So, we have that ${\ln{{\left({y}\right)}}}={\ln{{\left({{\left(\frac{{\sin{{\left({x}\right)}}}}{{x}}\right)}}^{{\frac{{1}}{{{1}-{\cos{{\left({x}\right)}}}}}}}\right)}}}=\frac{{1}}{{{1}-{\cos{{\left({x}\right)}}}}}{\ln{{\left(\frac{{\sin{{\left({x}\right)}}}}{{x}}\right)}}}=\frac{{{\ln{{\left({\sin{{\left({x}\right)}}}\right)}}}-{\ln{{\left({x}\right)}}}}}{{{1}-{\cos{{\left({x}\right)}}}}}$.
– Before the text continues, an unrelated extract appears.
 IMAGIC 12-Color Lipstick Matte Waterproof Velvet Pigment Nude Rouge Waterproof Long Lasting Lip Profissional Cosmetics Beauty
Now, applying of L'Hopital's Rule gives the following:

$\lim_{{{x}\to{0}}}{\ln{{\left({y}\right)}}}=\lim_{{{x}\to{0}}}\frac{{{\ln{{\left({\sin{{\left({x}\right)}}}\right)}}}-{\ln{{\left({x}\right)}}}}}{{{1}-{\cos{{\left({x}\right)}}}}}=\lim_{{{x}\to{0}}}\frac{{{\left({\ln{{\left({\sin{{\left({x}\right)}}}\right)}}}-{\ln{{\left({x}\right)}}}\right)}'}}{{{\left({1}-{\cos{{\left({x}\right)}}}\right)}'}}=\lim_{{{x}\to{0}}}\frac{{\frac{{{\cos{{\left({x}\right)}}}}}{{{\sin{{\left({x}\right)}}}}}-\frac{{1}}{{x}}}}{{{\sin{{\left({x}\right)}}}}}=$

$=\lim_{{{x}\to{0}}}\frac{{{x}{\cos{{\left({x}\right)}}}-{\sin{{\left({x}\right)}}}}}{{{x}{{\sin}}^{{2}}{\left({x}\right)}}}=-\frac{{1}}{{3}}$ (as was found in Example 3).

So, $\lim_{{{x}\to{0}}}{y}={{e}}^{{-\frac{{1}}{{3}}}}=\frac{{1}}{{{\sqrt[{{3}}]{{{e}}}}}}$.

Example 7. Find $\lim_{{{x}\to\infty}}{{\left(\frac{\pi}{{2}}-{\operatorname{arctan}{{\left({x}\right)}}}\right)}}^{{\frac{{1}}{{\ln{{\left({x}\right)}}}}}}$.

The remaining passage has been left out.